Su fortaleza ha sido su debilidad. O, más bien, su riqueza. Ser una potencia petrolera la ha convertido en un botín para las potencias imperiales y de izquierdas, las mismas que defienden sus desmanes, abusos y fraudes, con tal de perpetuarse en el poder para sus beneficios y conseguir así petróleo a vaca muerta. Esos son sus aliados, acaso porque comparten la misma ideología y concepción del Estado y del poder en materia geopolítica –o por razones geopolíticas–, en nombre de un antiimperialismo nostálgico, juego al que se prestan los izquierdistas criollos, los ortodoxos y desfasados, a quienes se los tragó la historia y el tiempo, como a los dinosaurios. Y quienes no aprendieron las lecciones del colapso soviético, víctima de su burocracia elefantiásica, luchas de poderes y dispendios, durante la Guerra Fría y la era Reagan-Thatcher. Son los mismos antiimperialistas que, por estar siempre en contra de EEUU, aunque la causa sea injusta, prefieren apoyar las diabluras del chavismo-madurismo y satanizar a la oposición (que no ha gobernado), como si fuera el mal mayor.

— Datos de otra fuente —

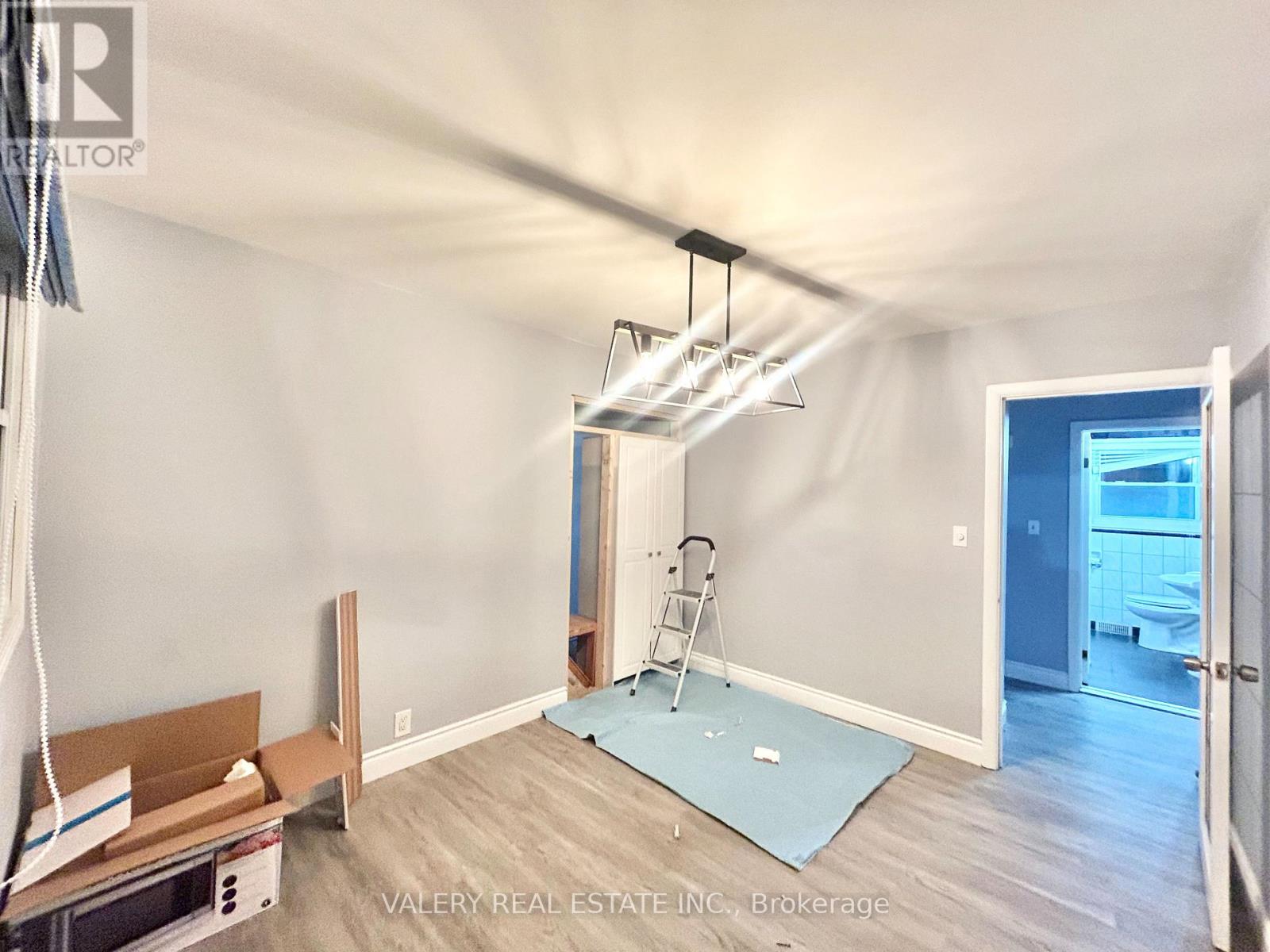 Main - 3843 Hillcrest Boulevard, Windsor, Ontario  N9C 2E4 - Photo 10 - X12762646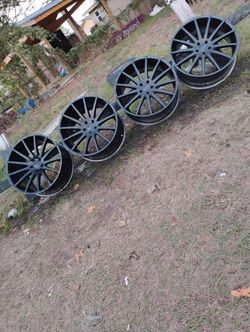 4.  Rines. 22. Deportivos. Dos. 22 X 9. Y Dos. 22 X 10  Bolt Pattern. 5 X 114.3 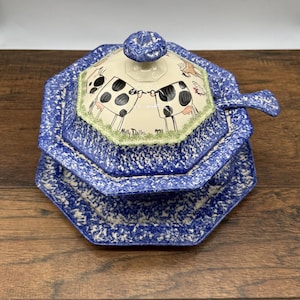Signed Molly Dallas 1994 Blue Spongeware Soup Tureen Set with Ladle & Tray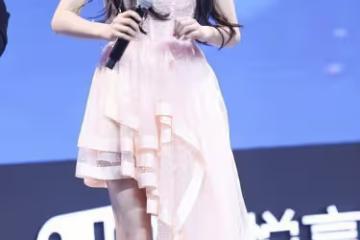 婁藝瀟穿紗裙也太仙女了,身材曲線真撩人,自帶優雅端莊氣質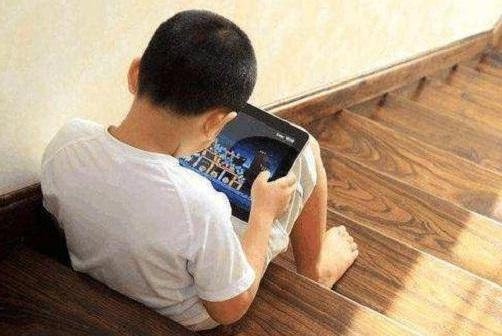 孩子偷母亲银行卡充值游戏近5万 退款申请被腾讯终止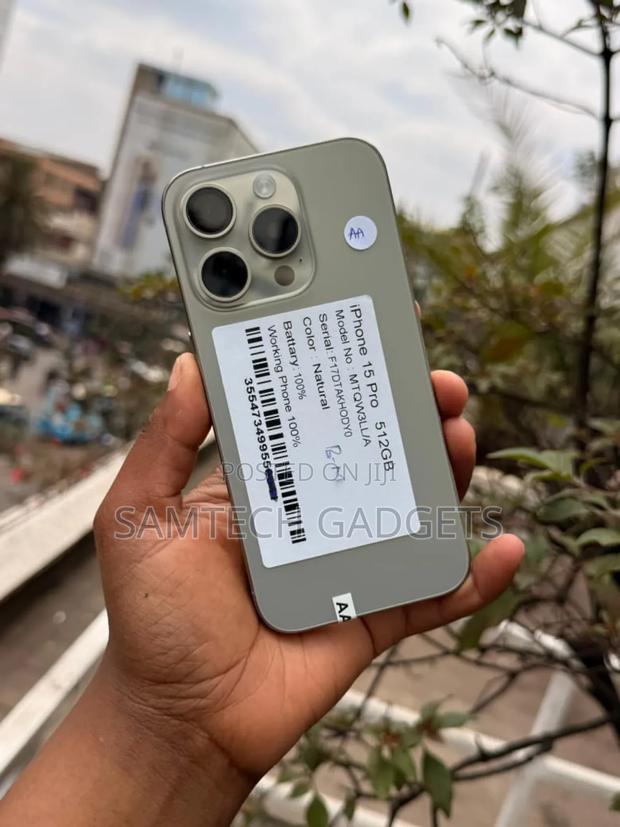 Apple iPhone 15 Pro 512 GB Silver - main view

O acusarla curiosamente –y de modo indignante—de fascista, una palabra gastada y fuera de contexto (que se la inventó Chávez y que Maduro repite como un papagayo, o como un mantra). ¿Se puede ser fascista desde la oposición? ¿Quién es más fascista, Maduro, un dictador ególatra, megalómano, mentiroso, intolerante, caudillesco y autoritario, que no cede el poder a alguien más de sus compañeros de partido y que no permite una convención interna para escoger a otro candidato? ¿Son fascistas los líderes de la oposición, que buscan un cambio, alternabilidad en el poder, libertad, elecciones libres, democracia y justicia social?

Así actúan, como socialistas románticos, los que se suman al coro de esa retórica nauseabunda, agresiva, violenta e irrespetuosa de Nicolás Maduro, que quiere quedarse en el poder contra viento y marea. Asume la intolerancia, hasta el punto de retirar su cuerpo diplomático de los países que solo cometieron el “pecado” de pedirle transparencia y respeto a la voluntad popular, tras el tramposo torneo electoral del pasado domingo, y que amenaza hasta con romper las relaciones diplomáticas. A esa acción le siguió la suspensión de los vuelos aéreos y la correspondiente acción por parte de los países afectados, en similar actitud de reciprocidad: retirarlos también de Venezuela, un país que renegó de los valores de la democracia, y que como tal, no sintoniza con la música que tocan los demás países del concierto regional. Corresponden, como siempre han sido –y ha sucedido–, las sanciones de rigor, el aislamiento diplomático, la sanción económica  y la estrangulación a ese régimen ilegítimo e ilegal, que sigue robándose las elecciones, el supremo recurso creado por las democracias occidentales como mecanismo que le inyecta aire de renovación, y que sirve de antídoto y oxígeno a los procesos democráticos. Un Gobierno  que se sigue burlando de la voluntad popular, conculcando sus derechos, debe ser aislado con los mecanismos del derecho internacional y con las leyes, los convenios y los acuerdos de los países signatarios, y guardianes de la paz, la democracia y la libertad. Solo la unidad y la solidaridad de las demás naciones del mundo democrático pueden hacer valer su poder y sus derechos, y doblegar la deriva autoritaria y dictatorial del gobierno de Venezuela, para alcanzar la democracia que anhelan y buscan, desde hace más de veinte años, los hijos de Miranda, Páez, Bolívar, Bello y Mariño.